In natural language, structures are both pervasive and essential. For example, a book is organized into chapters, with a logical flow connecting them; without this structure, the book would lose its coherence. Therefore, effectively understanding and modeling textual sequences requires comprehending and representing the inherent structures. This thesis focuses on structure modeling for language models.
The thesis is organized into two primary sections: structure analysis for language models and structure modeling techniques. The first section investigates the modeling of various structural aspects in language model generations, including section transition structures, coreference structures, and topic correlation structures. Emphasizing the need for a comprehensive understanding of these components, the thesis assesses language model performance at the structural level. Adapting a statistical framework to evaluate high-level coherence in machine-generated texts, the research uncovers that even large language models display limitations in capturing discourse coherence and coreference. Furthermore, it demonstrates that improvements in surface-level modeling do not necessarily guarantee better structure modeling.

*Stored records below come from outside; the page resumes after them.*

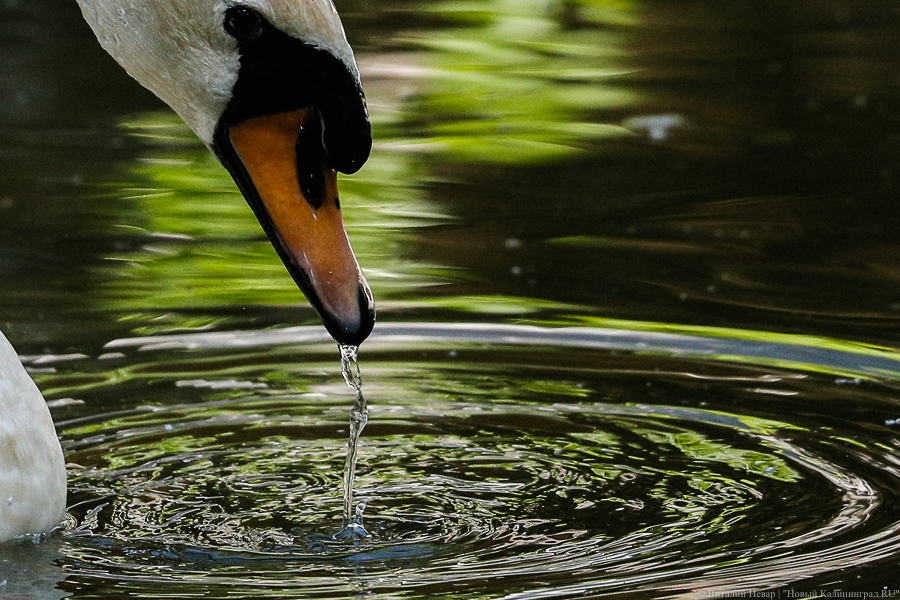 В Зеленоградске лебедь отбился от нападения собаки (видео)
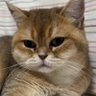 fat boy's profile picture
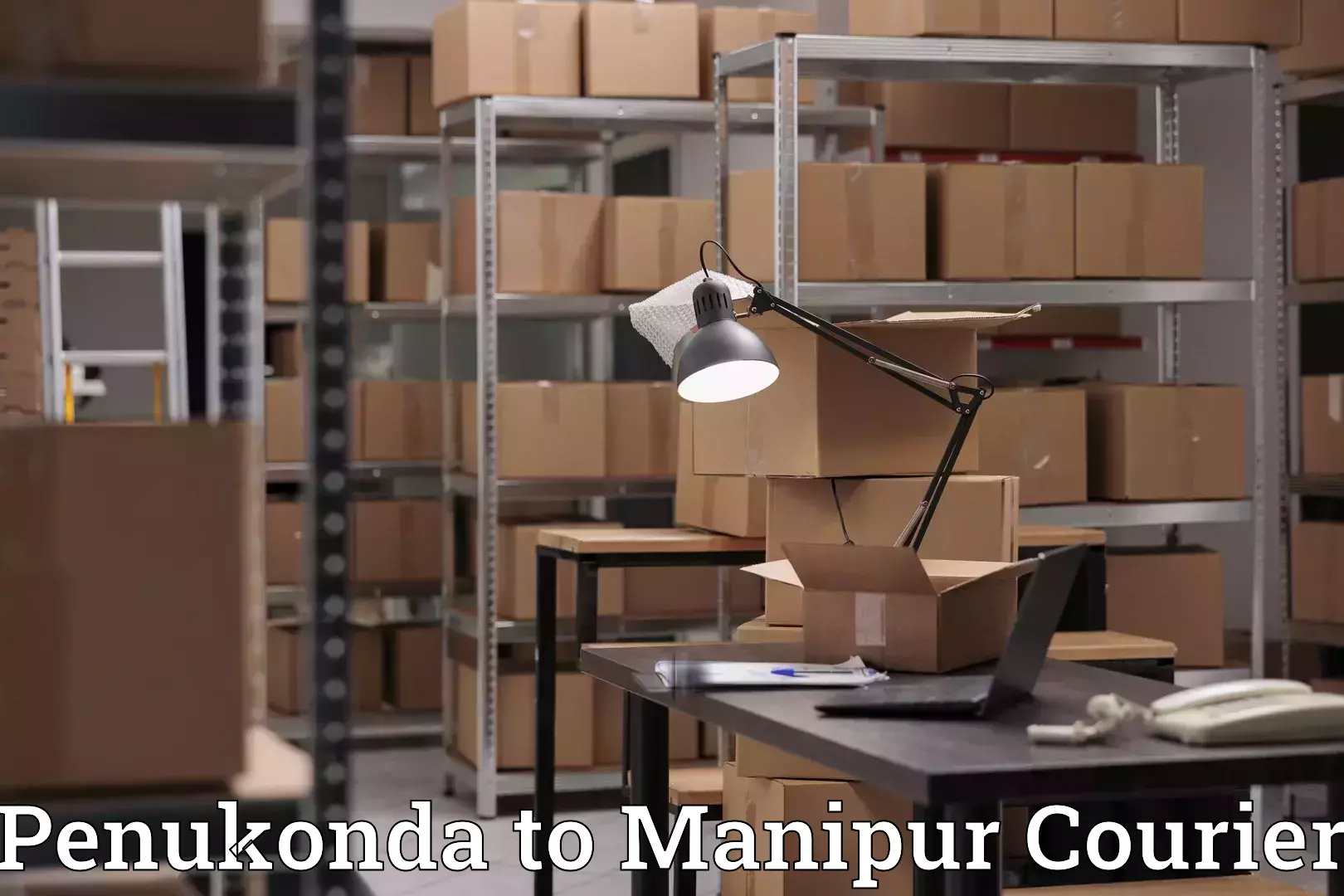 Custom moving solutions Penukonda to Senapati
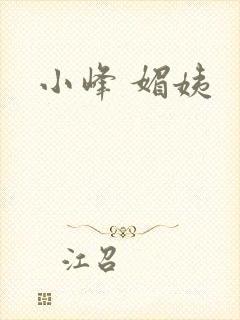 小峰 媚姨封面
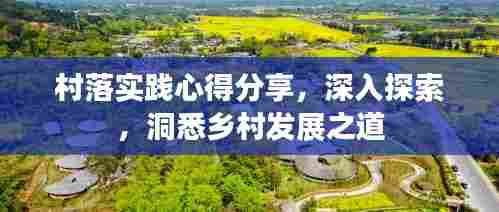 村落实践心得分享,深入探索,洞悉乡村发展之道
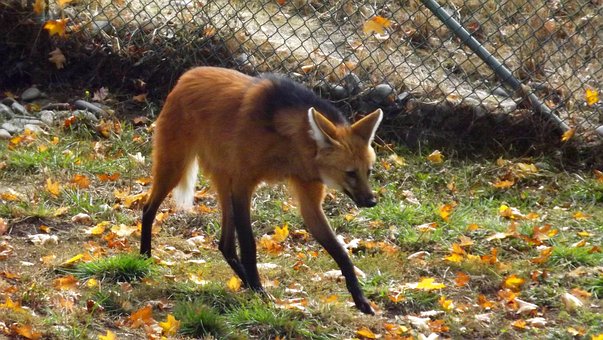 Free Maned Wolf photo and picture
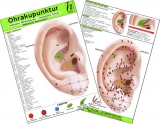 Ohrakupunktur - Indikation: Kopfschmerzen / Spannungskopfschmerz - chinesische Ohrakupunktur / Medizinische Taschen-Karte -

The second section of the thesis presents a variety of structure modeling techniques aimed at improving or customizing language models. These techniques are organized into three categories: factorized structure modeling, hierarchical structure modeling, and global structure modeling. They can improve the structural coherence, transparency, computational efficiency, and data efficiency of language models.
In conclusion, this research conducts an in-depth exploration of structure analysis and modeling techniques for language models. Through the development of various structure analysis methods and modeling approaches, the thesis endeavors to deepen the understanding and improvement of language models concerning their capacity to represent structures. The proposed techniques hold the potential to boost language model performance across a broad array of applications, ultimately advancing not only natural language generation but also other domains where the output space comprises discrete sequences, such as computer vision, robotics, and genomics.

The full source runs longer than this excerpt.